13 of his wins were erased from the record books after he tested positive for salbutamol after stage 11 in the 2007 Giro d’Italia. This was a very controversial affair. Under current WADA regulations, as the limitation of acceptable quantity of salbutamol is no longer in place, Petacchi wouldn’t have tested positive.
However, it has meant two stops in his career, coming after his knee fracture at the 2004 Giro d’Italia.
“For different reasons, I haven’t done a real full season in the past eight years, that’s why I’m still fresh and motivated at the age of 37," Petacchi told Cyclingnews last week at the Presidential Tour of Turkey. He also revealed that he wants to race for another two years.
“I’ve never lost motivation," he added.
“At 37, I’m able to do sacrifices that I didn’t when I was 25 or 27," he said after winning in Parma.
“I was always told that I should do altitude training camps like I’ve done recently on the Etna with Michele Scarponi, but I didn’t see the point of doing so since I was winning ten or twelve stages at Grand Tours yearly.

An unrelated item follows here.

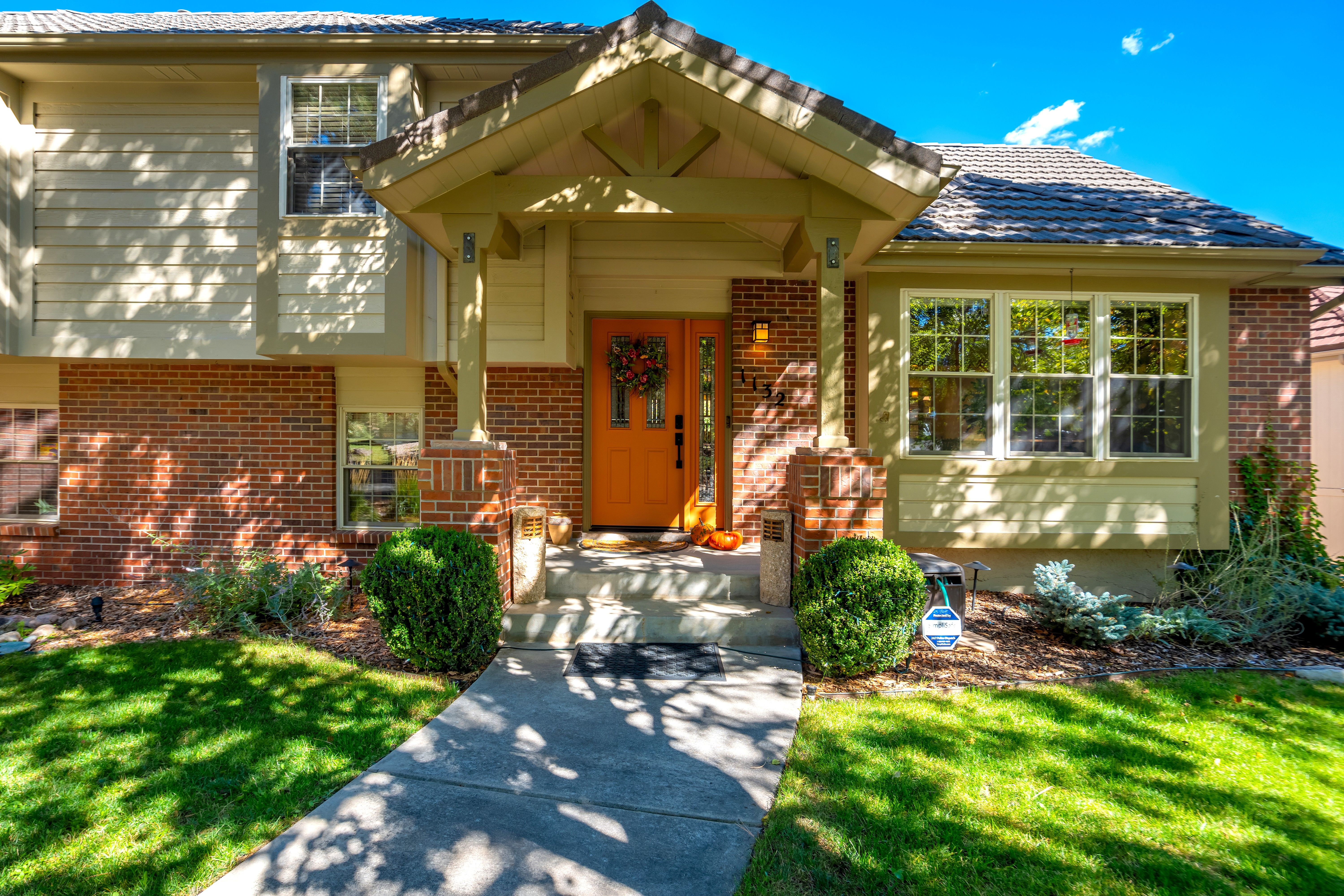  Impeccably Maintained Craftsman Retreat on a Quiet Cul-de-Sac - 物件實景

But with the recent training, I’ve been able to win a stage with 2,300 metres of change in altitude at the Tour of Turkey on a very hard day with rain and stuff. There I realised that I’ve really gained something. I’m probably someone who reacts well in altitude. I’ve also lost a lot of weight.”
History recalls that Petacchi was the king of the mountains at the 1999 Tour de Langkawi and that classification included the gruelling climb to Genting Highlands. The first of his 180 wins also occurred in Malaysia one year earlier and it wasn’t a bunch sprint. He won from a group of four escapees on stage 6 of the Tour de Langkawi in Mersing.
“Coming to the Giro, I was afraid to have lost some speed because of the mountain training," he added. “But I haven’t lost any muscle power.” His acceleration at 225 metres to go into stage 2 in Parma confirmed his thoughts.